A series of 3-cymantrenylalkylisothioureas (2) was synthesized. DFT calculations showed that compounds 2 in solutions are dimers. The photolysis of 2 was studied by IR, UV–vis and NMR spectroscopic methods. Irradiation of compounds 2 results in the formation of two type chelates, in which the manganese atom is coordinated to the S (3) or N (4) atoms of a substituent. The color of solutions sharply changes giving in the UV–vis spectra two new bands at 485 and 590 nm, respectively. In the presence of CO, dicarbonyl chelates enter the reverse thermal reaction to give the starting tricarbonyl complexes thus forming intermolecular photochromic systems. A quantum yield of the photolysis of 2a in benzene equals 0.63 ± 0.07. In the absence of СО, intramolecular linkage isomerization of 4 to 3 occurs. It was found that the bulkiness of a substituent at the sulfur atom insignificantly influences the reaction rate of the reverse thermal reaction. Chelate 3a was isolated; its photolysis gives orange chelate 4a, which isomerizes to violet chelate 3a forming an intramolecular photochromic pair.

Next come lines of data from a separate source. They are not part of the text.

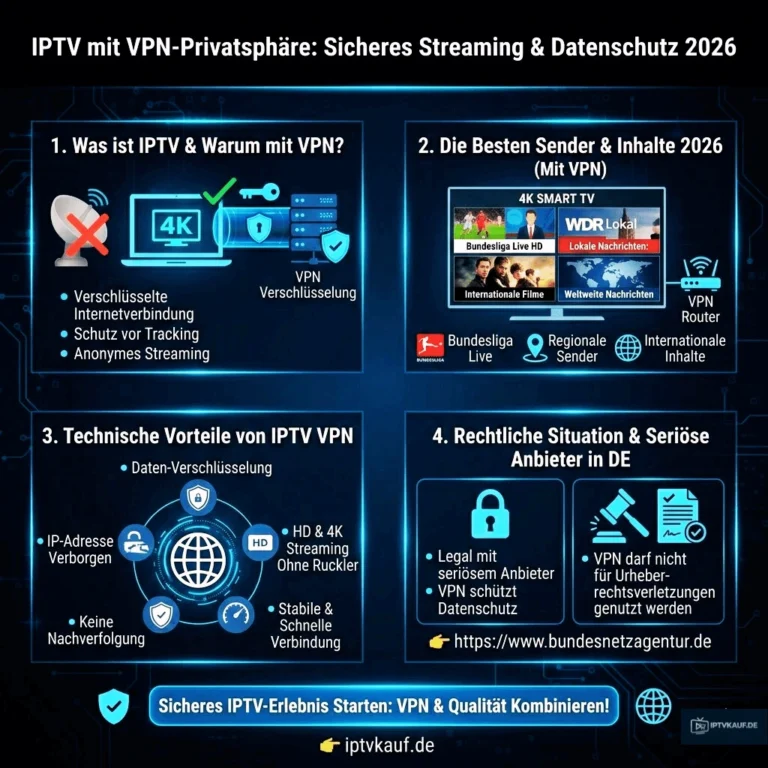 IPTV VPN for secure streaming and privacy – VPN-protected IPTV Deutschland solution at iptvkauf.de for anonymous and safe entertainment
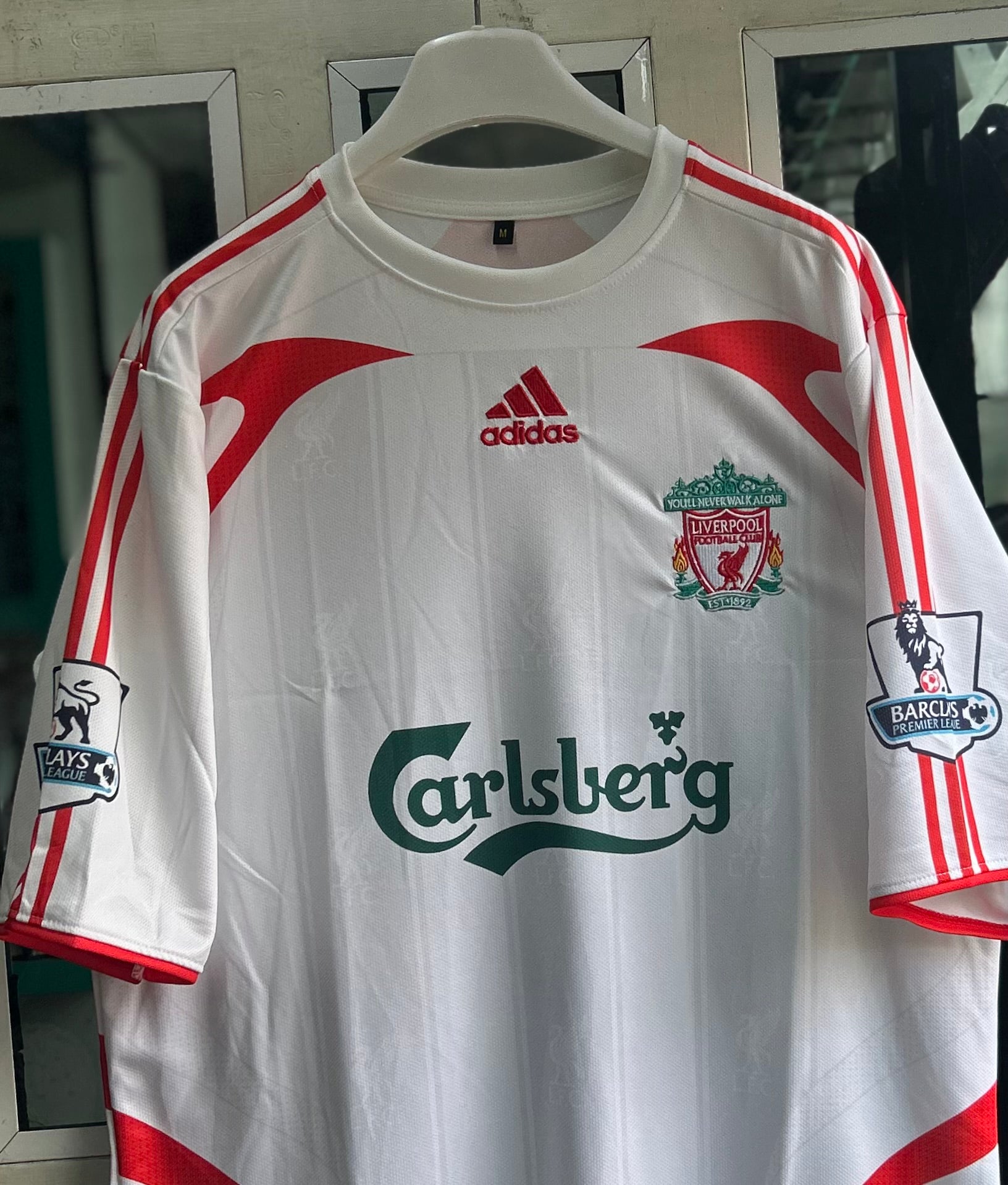 LIVERPOOL 2007-08 AWAY JERSEY, FIVE SLEEVE EMBROIDERY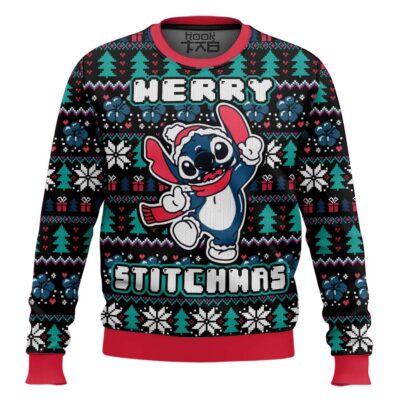 Hooktab Santa Stitch Merry Stitchmas Lilo And Stitch Ugly Christmas Sweater
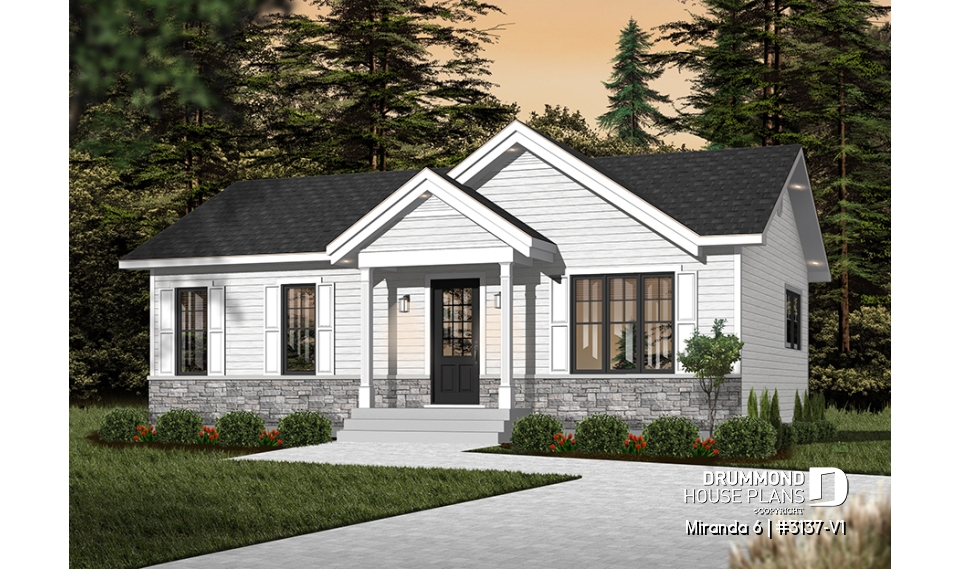 Color version 3 - Front - Affordable Farmhouse House Plan with 4 Bedrooms and Optional Finished Basement – Miranda 6 - Miranda 6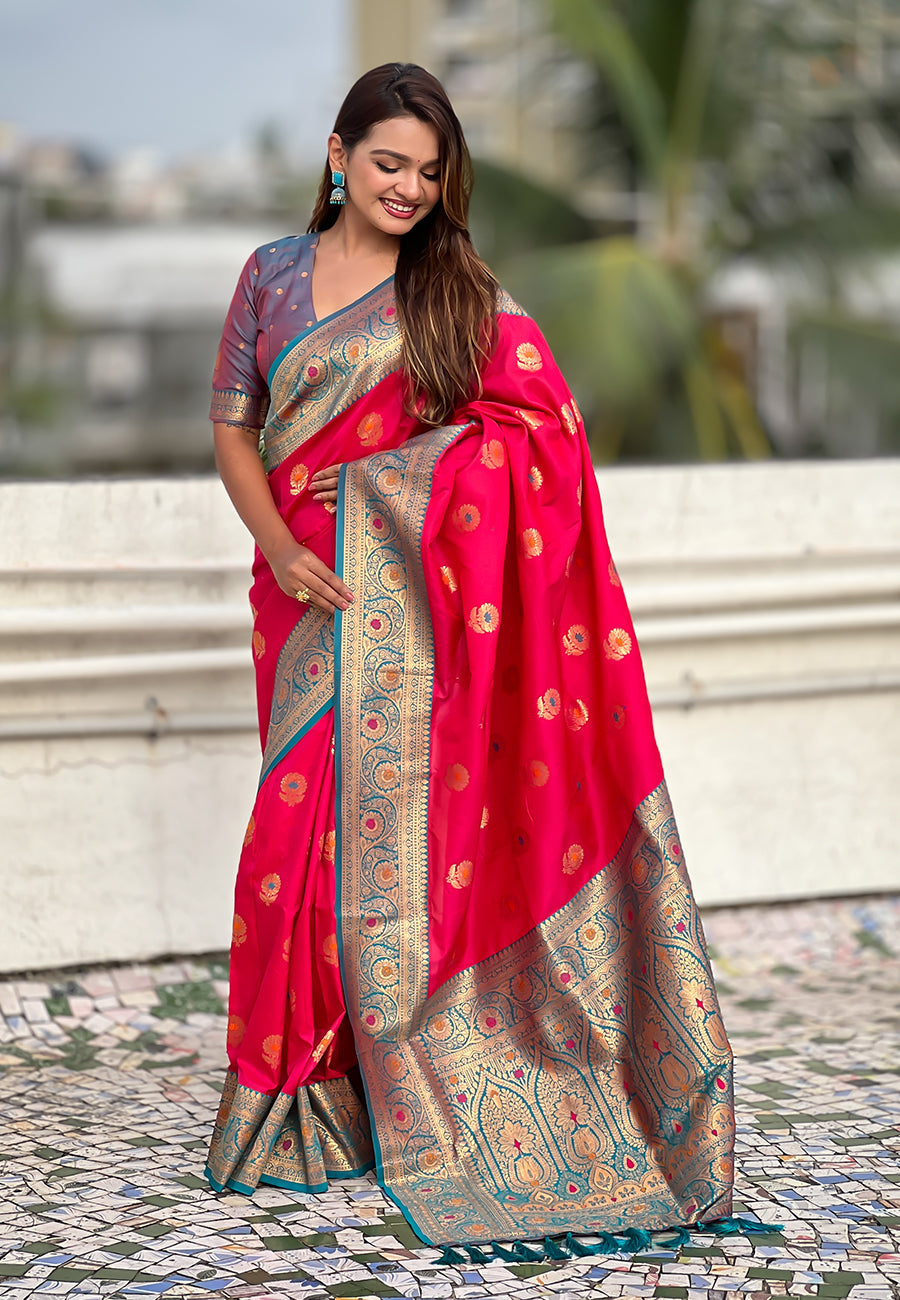 Pink Soft Silk with Sunflower Butta Meenakari Zari Saree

合成了一系列的3-环丙烯基烷基异硫脲（2）。DFT计算表明溶液中的化合物2是二聚体。通过IR，UV-vis和NMR光谱方法研究了2的光解。化合物2的辐射导致形成两种螯合物，其中锰原子与S（3）或N（4）取代基的原子。溶液的颜色急剧变化，分别在485和590 nm的UV-vis光谱中出现两个新的波段。在CO存在下，二羰基螯合物进入逆热反应，得到起始的三羰基络合物，从而形成分子间光致变色体系。2a在苯中的光解量子产率为0.63±0.07。在没有СО的情况下，发生4至3的分子内键异构化。已经发现，取代基在硫原子上的庞大程度对反向热反应的反应速率影响不大。螯合物3a被分离；其光解产生橙色螯合物4a，异构化为紫色螯合物形成分子内光致变色对的3a。